Python multiprocessing: True Parallelism

Python's Global Interpreter Lock is the elephant in the room for anyone trying to speed up CPU-intensive code. The GIL is a mutex that protects access to Python objects, preventing multiple threads...

Key Insights

  • Python’s Global Interpreter Lock (GIL) prevents true parallelism in threads, but the multiprocessing module bypasses this by spawning separate Python interpreters, enabling genuine CPU-bound parallel execution.
  • Process pools with Pool.map() provide the cleanest abstraction for embarrassingly parallel workloads, but you must understand pickling constraints and memory overhead to avoid common pitfalls.
  • Choose multiprocessing for CPU-bound tasks, threading for I/O-bound tasks with shared state, and asyncio for high-concurrency I/O—there’s no universal “best” approach.

The GIL Problem

Python’s Global Interpreter Lock is the elephant in the room for anyone trying to speed up CPU-intensive code. The GIL is a mutex that protects access to Python objects, preventing multiple threads from executing Python bytecode simultaneously. This means your multi-threaded Python code runs on a single CPU core, no matter how many threads you spawn.

Let’s prove this with a benchmark:

import threading
import multiprocessing
import time

def cpu_intensive_task(n):
    """Simulate CPU-bound work with prime calculation."""
    count = 0
    for i in range(2, n):
        if all(i % j != 0 for j in range(2, int(i ** 0.5) + 1)):
            count += 1
    return count

def benchmark_sequential(iterations, n):
    start = time.perf_counter()
    for _ in range(iterations):
        cpu_intensive_task(n)
    return time.perf_counter() - start

def benchmark_threading(iterations, n):
    start = time.perf_counter()
    threads = [threading.Thread(target=cpu_intensive_task, args=(n,)) 
               for _ in range(iterations)]
    for t in threads:
        t.start()
    for t in threads:
        t.join()
    return time.perf_counter() - start

def benchmark_multiprocessing(iterations, n):
    start = time.perf_counter()
    processes = [multiprocessing.Process(target=cpu_intensive_task, args=(n,)) 
                 for _ in range(iterations)]
    for p in processes:
        p.start()
    for p in processes:
        p.join()
    return time.perf_counter() - start

if __name__ == "__main__":
    iterations, n = 4, 50000
    
    print(f"Sequential:      {benchmark_sequential(iterations, n):.2f}s")
    print(f"Threading:       {benchmark_threading(iterations, n):.2f}s")
    print(f"Multiprocessing: {benchmark_multiprocessing(iterations, n):.2f}s")

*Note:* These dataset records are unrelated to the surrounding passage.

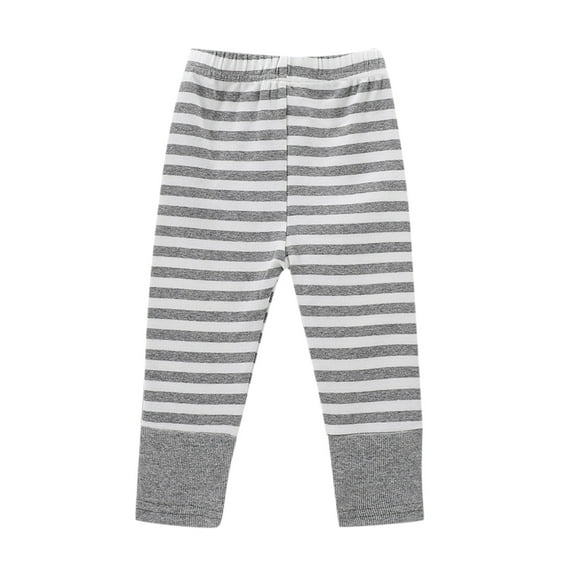 Kiijoy Boys Striped Leggings Cotton Soft High Rise Pants for Kids, Sizes 0-6M
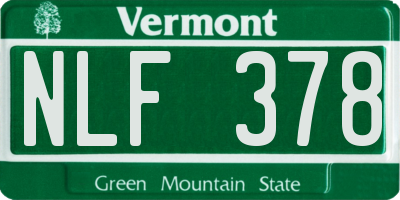 VT license plate NLF378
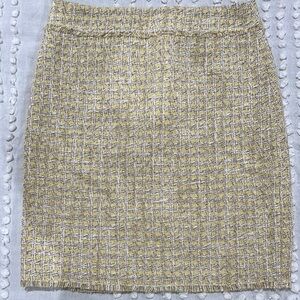 Ann Taylor Cream Pencil Mini Skirt for Work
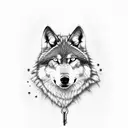 number 22, wolf and a key lock tattoo design idea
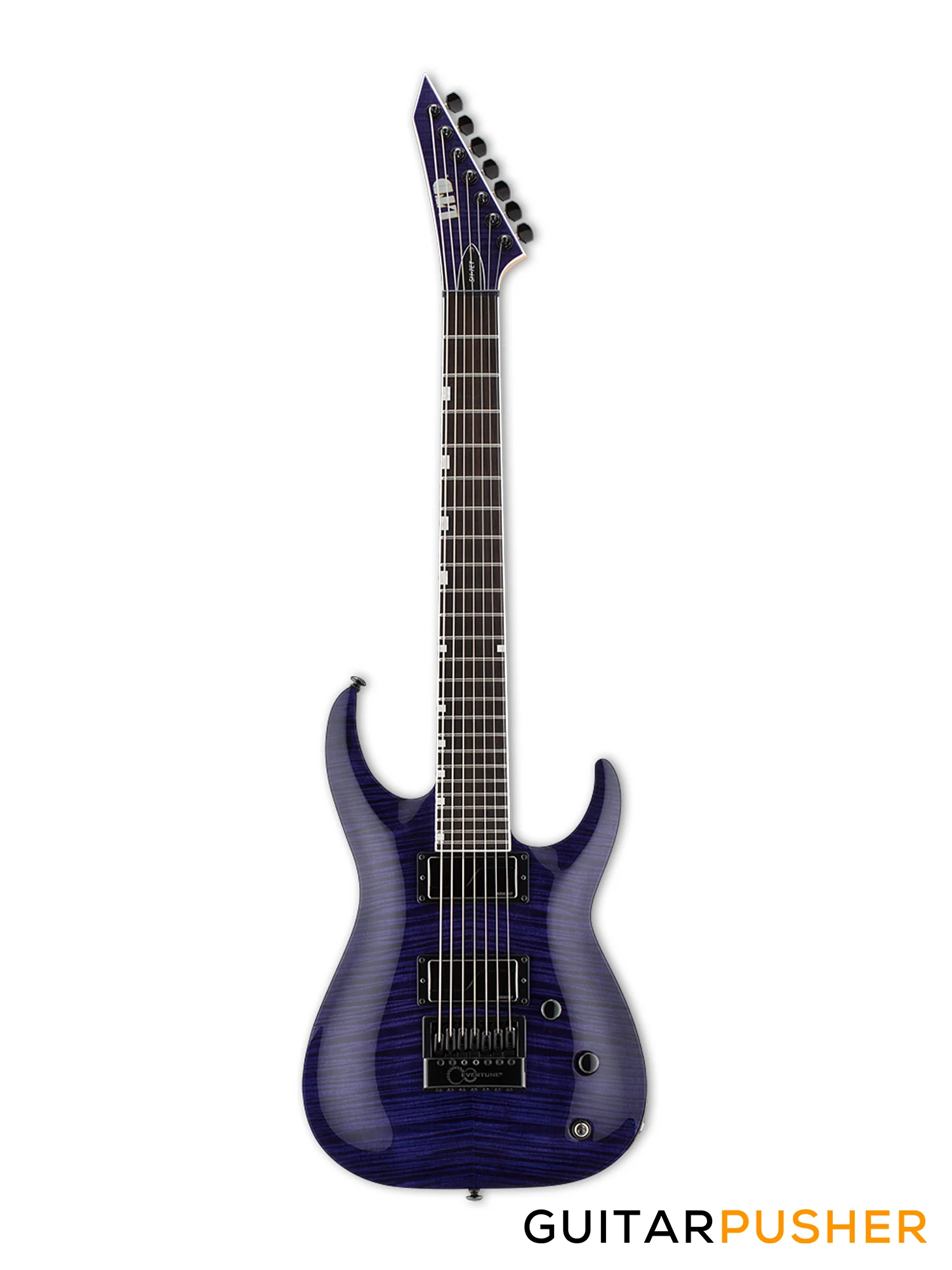 LTD SH-7 Evertune Modern 7-String Electric Guitar w/ Fishman Fluence Humbucker Pickups & Evertune Bridge - See Thru Purple - Image 2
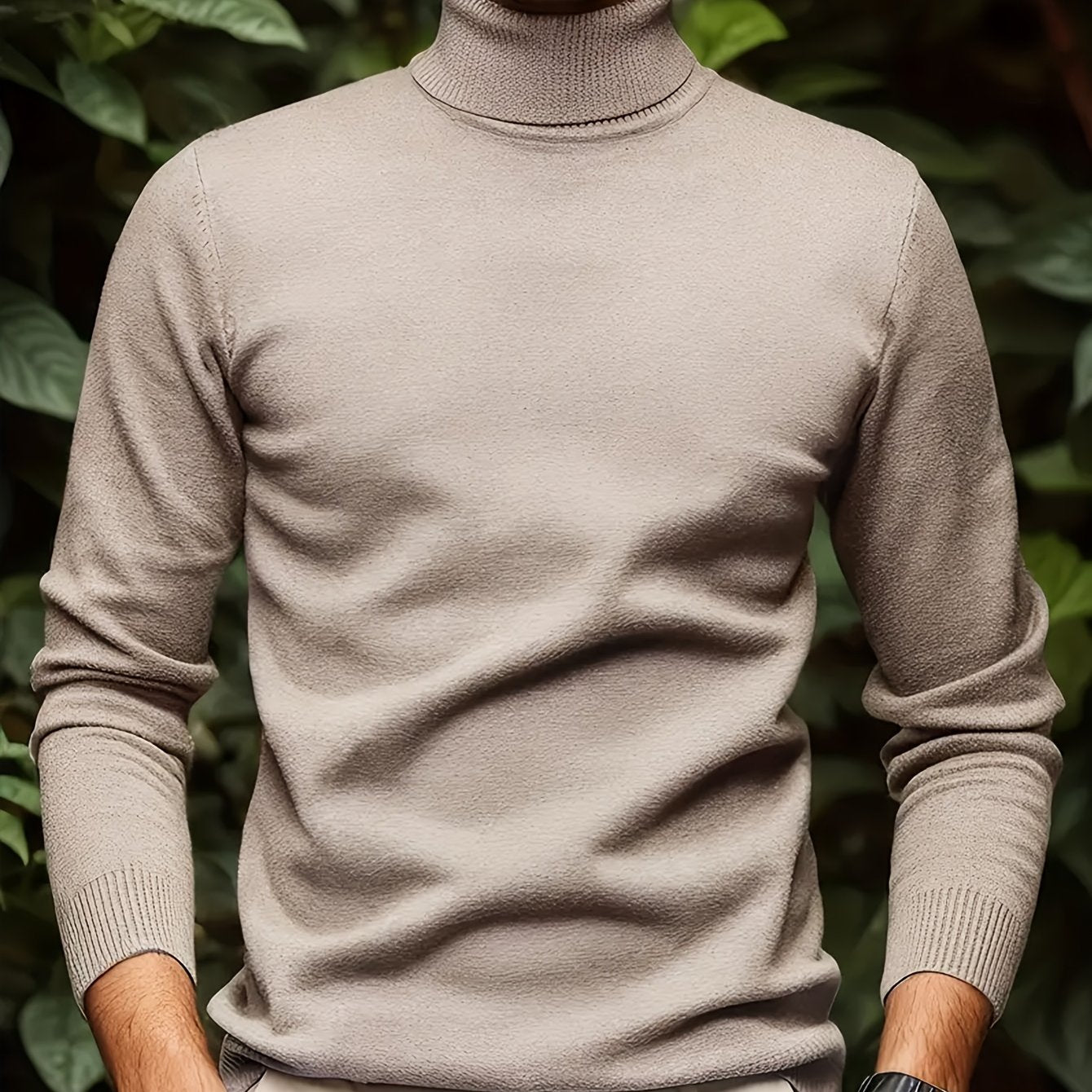 Men's Solid Color Versatile Soft Viscose Turtleneck Sweater - cas7m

On a 4-core machine, typical results look like:

Sequential:      8.42s
Threading:       8.67s
Multiprocessing: 2.31s

Threading is actually slower than sequential due to context-switching overhead. Multiprocessing achieves near-linear speedup because each process has its own GIL and runs on a separate core.

Multiprocessing Fundamentals

The multiprocessing module creates entirely separate Python interpreter processes. Each process has its own memory space, GIL, and Python runtime. This isolation is both the source of its power and its complexity.

import multiprocessing
import os

def worker(name):
    print(f"Worker {name}: PID={os.getpid()}, Parent PID={os.getppid()}")
    return f"Result from {name}"

if __name__ == "__main__":
    print(f"Main process: PID={os.getpid()}")
    
    # Create processes
    p1 = multiprocessing.Process(target=worker, args=("A",))
    p2 = multiprocessing.Process(target=worker, args=("B",))
    
    # Start processes (non-blocking)
    p1.start()
    p2.start()
    
    # Wait for completion
    p1.join()
    p2.join()
    
    print(f"Process A exit code: {p1.exitcode}")
    print(f"Process B exit code: {p2.exitcode}")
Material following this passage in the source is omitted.